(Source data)
____

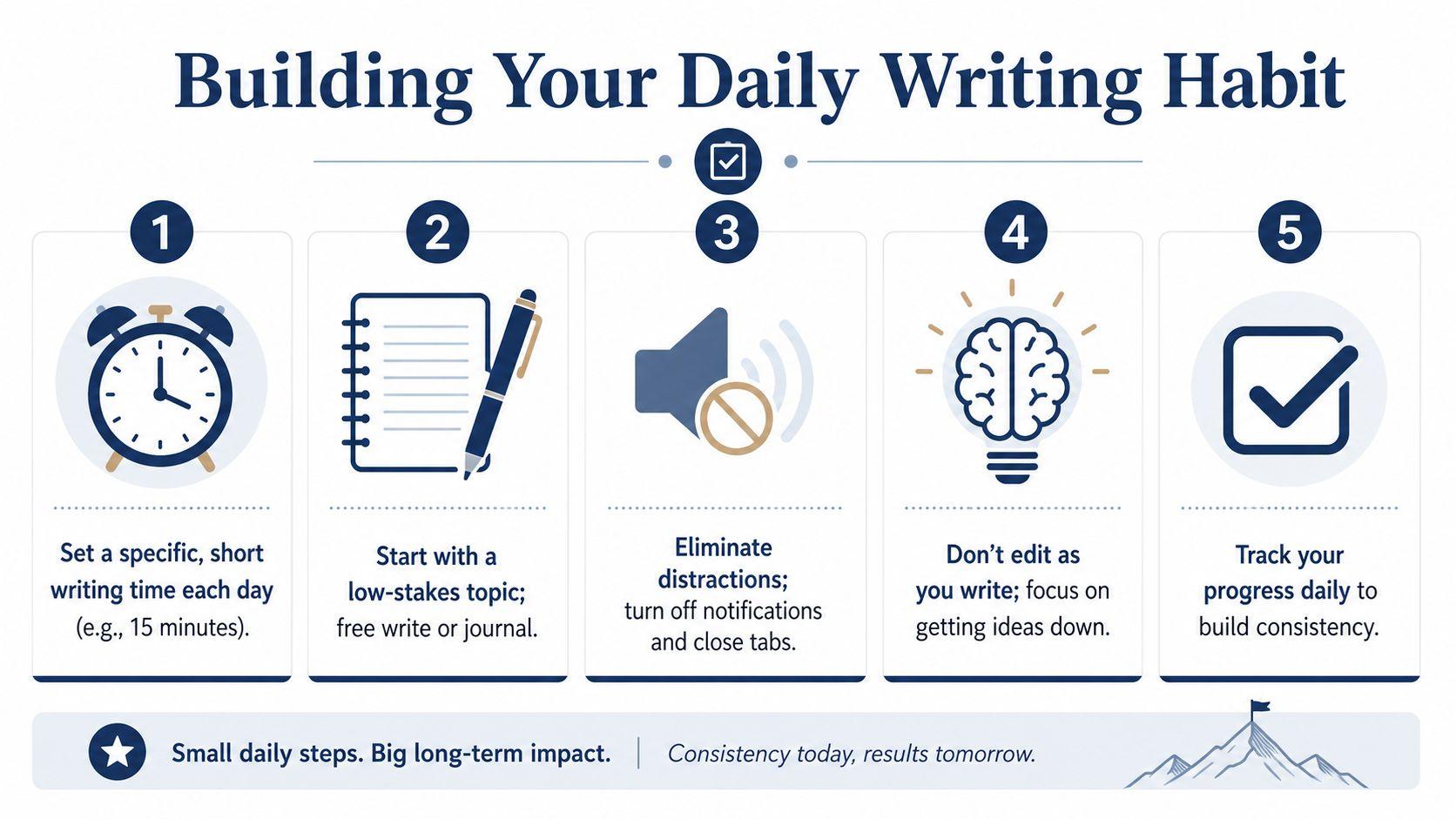 A five-step guide illustration showing how to build a daily writing habit effectively.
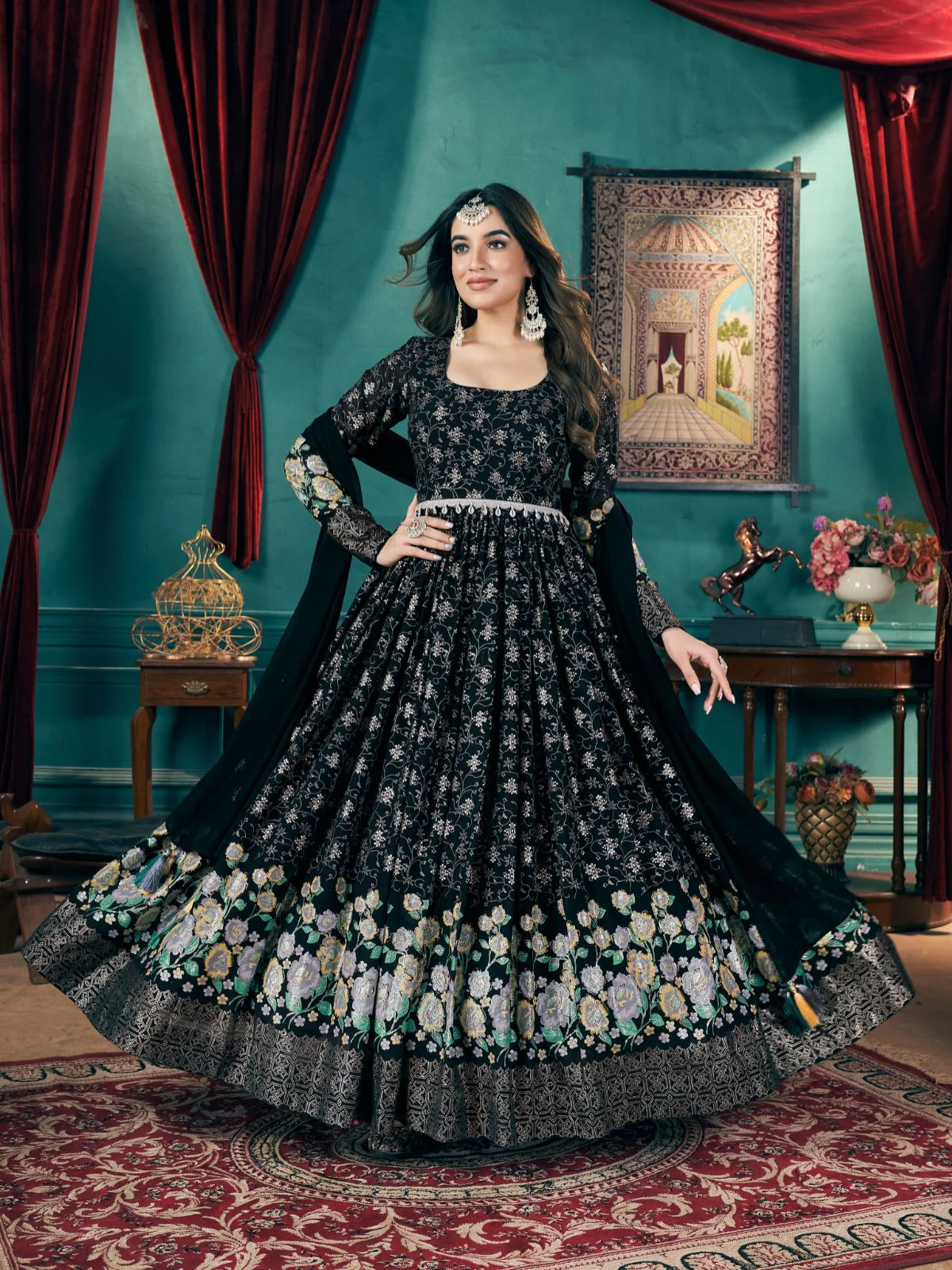Odette Black Foux Georgette Foil Print Gown For Women - Image 2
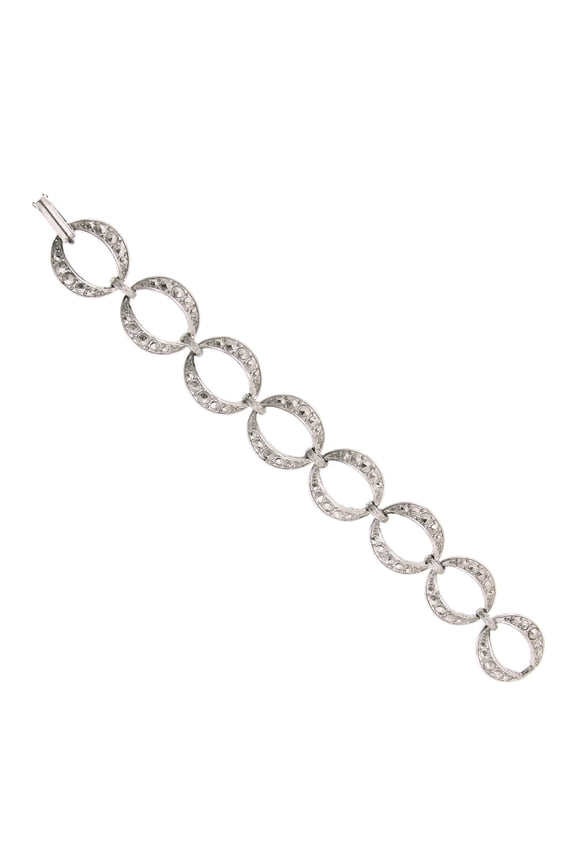 1928 Jewelry Silver Studded Faux Marcasite Link Clasp Bracelet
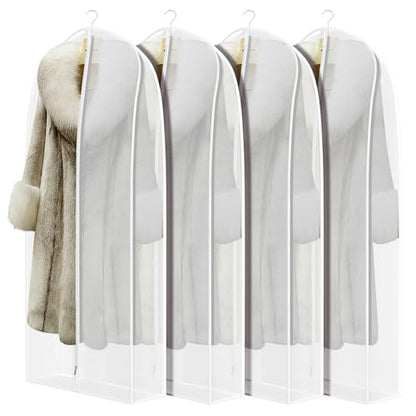 Zilink Garment Bags for Fur Coat Suit Bags for Closet Storage 50 in, White | 7 in Gussted, Wrinkle Free, Breathable, Silky Suit Dust Covers for Hanging Clothes for Leather Clothing Fur Coat Dress, 4Pack - size: 50"-4pack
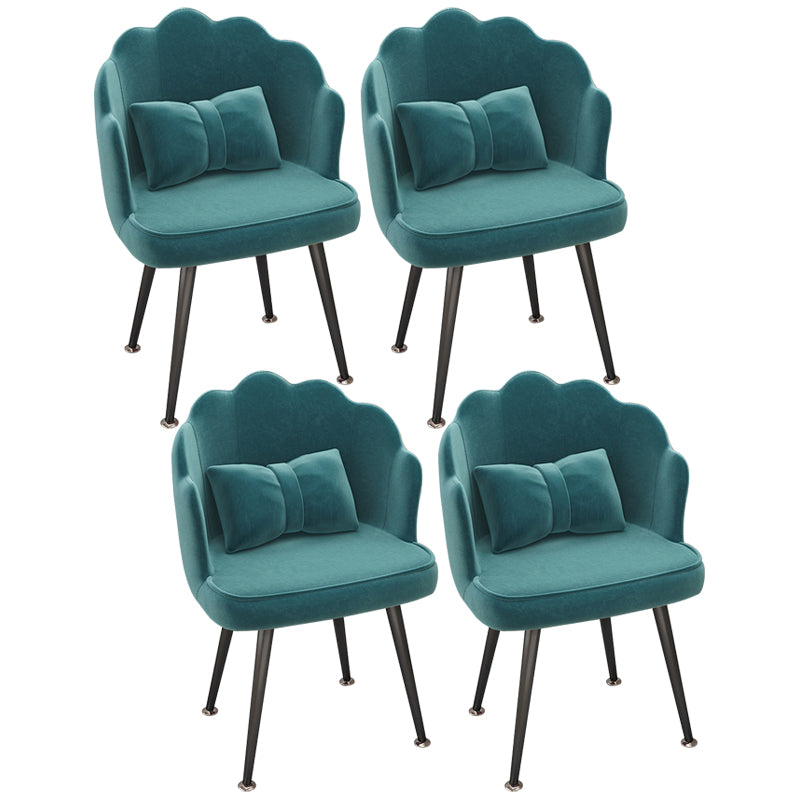 Modern Dining Side Chair with Metal Legs Solid Back Armchair for Home Use Ocean Blue 4 Piece Set Black Clearhalo ' kitchen&dining_furn' 'Dining Chairs' 'Dining Tables & Seating' 'dining_chair' 'furn' 'furn_dining_chair' 'Furniture' 'furniture_dining_chair' 'Kitchen & Dining Furniture' 'kitchen' 3825479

____

(Instructions to follow) Each line from the one containing "1928 Jewelry Silver" down to the final line of the records above must be reproduced exactly; no pictures go into the copy.

(Written response)
 1928 Jewelry Silver Studded Faux Marcasite Link Clasp Bracelet
 Zilink Garment Bags for Fur Coat Suit Bags for Closet Storage 50 in, White | 7 in Gussted, Wrinkle Free, Breathable, Silky Suit Dust Covers for Hanging Clothes for Leather Clothing Fur Coat Dress, 4Pack - size: 50"-4pack
 Modern Dining Side Chair with Metal Legs Solid Back Armchair for Home Use Ocean Blue 4 Piece Set Black Clearhalo ' kitchen&dining_furn' 'Dining Chairs' 'Dining Tables & Seating' 'dining_chair' 'furn' 'furn_dining_chair' 'Furniture' 'furniture_dining_chair' 'Kitchen & Dining Furniture' 'kitchen' 3825479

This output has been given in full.